From the records below, set down exactly the lines starting with the line that contains "Person sitting at" and going on through the line that contains "J. Crew Women's". Nothing else is wanted.

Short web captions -
####################

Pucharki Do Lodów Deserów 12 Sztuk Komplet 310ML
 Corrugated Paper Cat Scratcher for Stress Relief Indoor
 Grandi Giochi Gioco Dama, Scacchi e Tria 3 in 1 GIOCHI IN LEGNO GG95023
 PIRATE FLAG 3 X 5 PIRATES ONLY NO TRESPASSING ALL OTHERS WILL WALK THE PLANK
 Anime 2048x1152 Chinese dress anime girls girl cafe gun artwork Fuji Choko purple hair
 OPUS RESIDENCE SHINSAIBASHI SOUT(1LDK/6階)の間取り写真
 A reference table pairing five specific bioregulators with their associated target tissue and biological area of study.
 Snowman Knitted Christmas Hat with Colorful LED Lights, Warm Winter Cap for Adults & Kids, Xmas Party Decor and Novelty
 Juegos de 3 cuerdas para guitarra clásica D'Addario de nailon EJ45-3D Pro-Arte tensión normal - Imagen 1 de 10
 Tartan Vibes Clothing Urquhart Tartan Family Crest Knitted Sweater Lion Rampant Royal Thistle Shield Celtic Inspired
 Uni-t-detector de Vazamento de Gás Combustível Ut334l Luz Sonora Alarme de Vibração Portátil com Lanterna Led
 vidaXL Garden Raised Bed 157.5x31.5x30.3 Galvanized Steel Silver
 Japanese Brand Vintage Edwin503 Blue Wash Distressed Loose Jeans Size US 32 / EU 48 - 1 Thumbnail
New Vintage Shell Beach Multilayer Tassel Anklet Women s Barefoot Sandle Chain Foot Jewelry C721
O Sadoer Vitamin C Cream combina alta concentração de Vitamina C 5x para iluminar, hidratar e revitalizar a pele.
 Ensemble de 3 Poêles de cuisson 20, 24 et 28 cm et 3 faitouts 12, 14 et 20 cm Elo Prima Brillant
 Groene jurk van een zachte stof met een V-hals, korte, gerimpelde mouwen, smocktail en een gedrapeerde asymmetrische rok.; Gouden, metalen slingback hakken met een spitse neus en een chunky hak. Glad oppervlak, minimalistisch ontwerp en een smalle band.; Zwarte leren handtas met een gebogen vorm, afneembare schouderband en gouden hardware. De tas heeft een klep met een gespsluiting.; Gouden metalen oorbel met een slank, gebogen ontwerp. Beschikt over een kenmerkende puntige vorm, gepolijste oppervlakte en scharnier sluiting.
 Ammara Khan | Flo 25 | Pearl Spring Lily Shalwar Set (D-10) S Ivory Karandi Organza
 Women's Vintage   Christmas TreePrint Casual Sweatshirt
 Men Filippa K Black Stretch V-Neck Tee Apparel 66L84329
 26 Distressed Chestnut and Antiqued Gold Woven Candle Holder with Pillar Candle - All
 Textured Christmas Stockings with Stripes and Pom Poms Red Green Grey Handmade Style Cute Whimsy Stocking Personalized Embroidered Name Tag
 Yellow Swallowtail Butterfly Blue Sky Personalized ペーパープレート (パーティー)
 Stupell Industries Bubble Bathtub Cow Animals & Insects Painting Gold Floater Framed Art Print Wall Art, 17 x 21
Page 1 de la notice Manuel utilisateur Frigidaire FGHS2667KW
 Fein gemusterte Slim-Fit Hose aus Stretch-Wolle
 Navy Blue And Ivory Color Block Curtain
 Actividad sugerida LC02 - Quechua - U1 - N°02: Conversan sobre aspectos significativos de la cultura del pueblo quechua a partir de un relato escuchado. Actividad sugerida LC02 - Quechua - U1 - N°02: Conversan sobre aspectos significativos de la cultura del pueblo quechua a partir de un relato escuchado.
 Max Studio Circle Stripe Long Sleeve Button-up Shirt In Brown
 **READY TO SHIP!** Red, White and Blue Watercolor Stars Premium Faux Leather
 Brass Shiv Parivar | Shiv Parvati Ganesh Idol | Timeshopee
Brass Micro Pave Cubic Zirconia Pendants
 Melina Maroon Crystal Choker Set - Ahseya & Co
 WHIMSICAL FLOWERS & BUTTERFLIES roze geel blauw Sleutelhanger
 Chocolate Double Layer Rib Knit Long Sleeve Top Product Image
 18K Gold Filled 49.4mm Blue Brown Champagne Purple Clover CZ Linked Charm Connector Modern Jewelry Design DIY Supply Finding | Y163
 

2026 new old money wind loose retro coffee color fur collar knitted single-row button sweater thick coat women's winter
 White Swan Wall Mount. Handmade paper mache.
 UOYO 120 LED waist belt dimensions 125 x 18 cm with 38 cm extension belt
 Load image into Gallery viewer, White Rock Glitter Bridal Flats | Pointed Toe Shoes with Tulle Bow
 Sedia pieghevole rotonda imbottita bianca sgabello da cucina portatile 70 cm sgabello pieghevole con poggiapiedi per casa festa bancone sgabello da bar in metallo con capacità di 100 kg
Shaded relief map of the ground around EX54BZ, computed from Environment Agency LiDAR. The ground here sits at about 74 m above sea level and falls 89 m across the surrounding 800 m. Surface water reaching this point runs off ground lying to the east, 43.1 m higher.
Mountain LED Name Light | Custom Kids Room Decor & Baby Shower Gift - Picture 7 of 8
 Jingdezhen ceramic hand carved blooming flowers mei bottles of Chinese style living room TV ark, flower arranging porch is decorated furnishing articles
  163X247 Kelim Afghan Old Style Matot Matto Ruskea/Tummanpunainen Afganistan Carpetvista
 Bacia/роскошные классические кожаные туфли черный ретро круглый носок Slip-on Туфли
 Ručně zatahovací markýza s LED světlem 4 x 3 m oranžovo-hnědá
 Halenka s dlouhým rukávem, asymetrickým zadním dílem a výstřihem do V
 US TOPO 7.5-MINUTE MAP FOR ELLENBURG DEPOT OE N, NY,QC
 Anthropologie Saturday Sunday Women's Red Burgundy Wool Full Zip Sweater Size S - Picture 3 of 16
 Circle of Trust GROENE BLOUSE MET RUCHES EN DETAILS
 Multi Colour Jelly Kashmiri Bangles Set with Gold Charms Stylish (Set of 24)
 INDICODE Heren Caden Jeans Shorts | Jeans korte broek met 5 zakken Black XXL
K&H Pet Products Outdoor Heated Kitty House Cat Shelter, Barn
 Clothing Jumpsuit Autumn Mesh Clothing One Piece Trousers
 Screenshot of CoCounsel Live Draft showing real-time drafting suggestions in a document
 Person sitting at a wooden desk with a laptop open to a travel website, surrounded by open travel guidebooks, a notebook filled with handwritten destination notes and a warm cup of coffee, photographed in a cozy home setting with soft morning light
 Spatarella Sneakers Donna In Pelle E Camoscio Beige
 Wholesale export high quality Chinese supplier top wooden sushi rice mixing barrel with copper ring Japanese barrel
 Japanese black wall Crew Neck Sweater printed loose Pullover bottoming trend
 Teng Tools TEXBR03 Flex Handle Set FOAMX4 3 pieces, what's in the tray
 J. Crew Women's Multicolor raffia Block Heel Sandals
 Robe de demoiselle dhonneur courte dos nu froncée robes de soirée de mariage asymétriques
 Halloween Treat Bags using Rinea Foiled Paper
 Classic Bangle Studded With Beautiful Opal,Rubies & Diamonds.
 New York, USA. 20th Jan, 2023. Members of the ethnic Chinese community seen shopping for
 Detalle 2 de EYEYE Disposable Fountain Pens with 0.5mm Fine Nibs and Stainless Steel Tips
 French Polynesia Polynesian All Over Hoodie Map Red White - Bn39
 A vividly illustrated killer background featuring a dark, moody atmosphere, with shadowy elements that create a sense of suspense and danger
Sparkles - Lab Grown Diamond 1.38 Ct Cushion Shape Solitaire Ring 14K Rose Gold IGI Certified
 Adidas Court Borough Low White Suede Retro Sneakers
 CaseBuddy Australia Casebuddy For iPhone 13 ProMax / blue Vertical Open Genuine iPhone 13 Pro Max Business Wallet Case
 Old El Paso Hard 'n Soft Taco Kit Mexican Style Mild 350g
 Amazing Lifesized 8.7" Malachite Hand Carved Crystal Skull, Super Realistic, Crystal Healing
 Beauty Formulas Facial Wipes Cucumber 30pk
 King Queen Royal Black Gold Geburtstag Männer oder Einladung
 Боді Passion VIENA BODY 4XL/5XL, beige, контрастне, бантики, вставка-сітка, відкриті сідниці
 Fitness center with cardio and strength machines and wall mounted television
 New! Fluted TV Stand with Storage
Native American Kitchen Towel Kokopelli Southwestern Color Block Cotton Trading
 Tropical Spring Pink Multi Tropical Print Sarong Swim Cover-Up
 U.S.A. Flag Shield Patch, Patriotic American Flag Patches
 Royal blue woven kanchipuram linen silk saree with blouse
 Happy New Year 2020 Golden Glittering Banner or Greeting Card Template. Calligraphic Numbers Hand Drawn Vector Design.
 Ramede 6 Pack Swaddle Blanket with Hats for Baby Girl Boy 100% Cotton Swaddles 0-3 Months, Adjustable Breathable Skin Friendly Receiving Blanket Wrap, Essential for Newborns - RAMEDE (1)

####################

Exercise answer -
 Person sitting at a wooden desk with a laptop open to a travel website, surrounded by open travel guidebooks, a notebook filled with handwritten destination notes and a warm cup of coffee, photographed in a cozy home setting with soft morning light
 Spatarella Sneakers Donna In Pelle E Camoscio Beige
 Wholesale export high quality Chinese supplier top wooden sushi rice mixing barrel with copper ring Japanese barrel
 Japanese black wall Crew Neck Sweater printed loose Pullover bottoming trend
 Teng Tools TEXBR03 Flex Handle Set FOAMX4 3 pieces, what's in the tray
 J. Crew Women's Multicolor raffia Block Heel Sandals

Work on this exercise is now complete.